The vast majority of paper products made from farmed trees (because if you're pulping it anyway you can use really fast growing wood), meaning the CO2 you release from burning/composting paper straws is offset by the next tree planted to replace it.
Excess CO2 in the atmosphere is driven by burning fuels that aren't being actively produced via recaptured atmospheric CO2, such as petroleum.
And the fundamental issue with recycling plastic is that the raw ingredients for virgin plastic are basically free as a byproduct of fuel petroleum extraction. If I want octane, hexane, methane, propane, etc. for fuel, I'm also going to be pulling up and separating out ethane, which is a very quick steam crack and catalyzed polymerization away from polyethylene.
I'd argue it's kinda a myth, because I used to believe we could create a perfectly closed loop (you know, like the one the recycling symbol suggests) if only we could cleanly separate the materials (which in my imagination requires consumers to vigilantly separate the waste into dozens of different bins). I'm beginning to think I was wrong.
If 1kg of "recycled" plastics allow to reduce the production of 1kg of pristine plastics, it's already a big win, even if it's downcycling.
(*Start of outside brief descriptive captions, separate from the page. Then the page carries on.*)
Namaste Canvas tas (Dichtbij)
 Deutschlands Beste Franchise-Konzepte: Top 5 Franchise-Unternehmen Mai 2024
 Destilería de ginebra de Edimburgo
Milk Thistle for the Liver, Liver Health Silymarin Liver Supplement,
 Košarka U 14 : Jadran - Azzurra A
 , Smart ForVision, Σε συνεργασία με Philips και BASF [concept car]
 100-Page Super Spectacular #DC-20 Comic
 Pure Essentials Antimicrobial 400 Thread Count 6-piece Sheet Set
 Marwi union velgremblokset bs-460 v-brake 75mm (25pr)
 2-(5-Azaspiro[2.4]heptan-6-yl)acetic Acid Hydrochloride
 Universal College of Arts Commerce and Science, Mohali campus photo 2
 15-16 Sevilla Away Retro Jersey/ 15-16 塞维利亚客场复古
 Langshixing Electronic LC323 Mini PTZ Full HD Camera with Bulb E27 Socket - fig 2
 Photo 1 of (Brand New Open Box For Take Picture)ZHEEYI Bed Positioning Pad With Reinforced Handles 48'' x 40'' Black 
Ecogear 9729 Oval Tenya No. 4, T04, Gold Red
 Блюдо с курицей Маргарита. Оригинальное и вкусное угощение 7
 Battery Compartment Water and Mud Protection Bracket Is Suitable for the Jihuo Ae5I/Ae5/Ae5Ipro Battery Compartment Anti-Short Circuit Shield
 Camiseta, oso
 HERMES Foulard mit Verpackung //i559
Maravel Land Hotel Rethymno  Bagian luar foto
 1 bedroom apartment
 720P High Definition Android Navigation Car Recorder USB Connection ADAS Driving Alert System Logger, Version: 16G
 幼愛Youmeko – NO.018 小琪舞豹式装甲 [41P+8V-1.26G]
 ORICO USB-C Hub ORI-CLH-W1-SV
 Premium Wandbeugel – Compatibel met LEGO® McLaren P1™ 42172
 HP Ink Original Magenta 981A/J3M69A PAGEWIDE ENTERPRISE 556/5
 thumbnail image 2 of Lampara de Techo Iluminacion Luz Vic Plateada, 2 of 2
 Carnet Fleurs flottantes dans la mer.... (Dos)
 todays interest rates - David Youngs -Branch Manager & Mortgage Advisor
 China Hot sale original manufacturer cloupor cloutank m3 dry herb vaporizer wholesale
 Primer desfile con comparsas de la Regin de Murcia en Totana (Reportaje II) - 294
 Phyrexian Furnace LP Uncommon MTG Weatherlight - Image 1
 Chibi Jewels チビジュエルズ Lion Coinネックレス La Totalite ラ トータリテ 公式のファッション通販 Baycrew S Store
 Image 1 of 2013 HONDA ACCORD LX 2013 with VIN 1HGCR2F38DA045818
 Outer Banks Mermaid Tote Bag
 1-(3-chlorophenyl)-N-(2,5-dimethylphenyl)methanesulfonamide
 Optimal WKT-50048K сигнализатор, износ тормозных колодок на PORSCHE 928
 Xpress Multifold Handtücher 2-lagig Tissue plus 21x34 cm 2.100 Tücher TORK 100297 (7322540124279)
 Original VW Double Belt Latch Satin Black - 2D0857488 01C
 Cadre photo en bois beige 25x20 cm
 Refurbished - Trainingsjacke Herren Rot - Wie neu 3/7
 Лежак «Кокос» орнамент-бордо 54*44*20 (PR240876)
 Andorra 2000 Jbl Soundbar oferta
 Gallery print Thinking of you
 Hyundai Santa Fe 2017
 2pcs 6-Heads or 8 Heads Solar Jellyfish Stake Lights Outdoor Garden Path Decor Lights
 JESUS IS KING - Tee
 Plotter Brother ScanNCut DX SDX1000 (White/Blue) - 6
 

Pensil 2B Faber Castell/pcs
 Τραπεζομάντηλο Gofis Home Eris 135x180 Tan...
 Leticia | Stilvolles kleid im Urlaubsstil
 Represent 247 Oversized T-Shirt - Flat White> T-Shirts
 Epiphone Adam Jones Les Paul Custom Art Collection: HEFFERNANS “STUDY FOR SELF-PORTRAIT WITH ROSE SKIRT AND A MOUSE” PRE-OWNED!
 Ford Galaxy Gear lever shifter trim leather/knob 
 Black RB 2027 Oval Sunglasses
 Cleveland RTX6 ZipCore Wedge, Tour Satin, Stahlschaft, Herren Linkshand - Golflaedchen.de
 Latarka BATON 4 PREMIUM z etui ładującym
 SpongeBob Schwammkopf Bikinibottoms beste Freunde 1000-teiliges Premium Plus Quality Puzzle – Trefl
No need to throw away the baby with the bathwater.
It is probably the only argument in favor of recycling. After the last six months exploring the recycling process what I get is this:
Reduce, reuse, recycle.
The order matter, recycling is useful but should be the last step when something has to be trashed away. In the case of our straws, buying a metal one would reduce and reuse much better than the two others solutions.
A problem is that we tend to only talk about recycling while forgetting the two others. It is easy to talk about how many tons has been recycled while it's very difficult to quantify the reduce reuse practice and not very appealing for sellers either.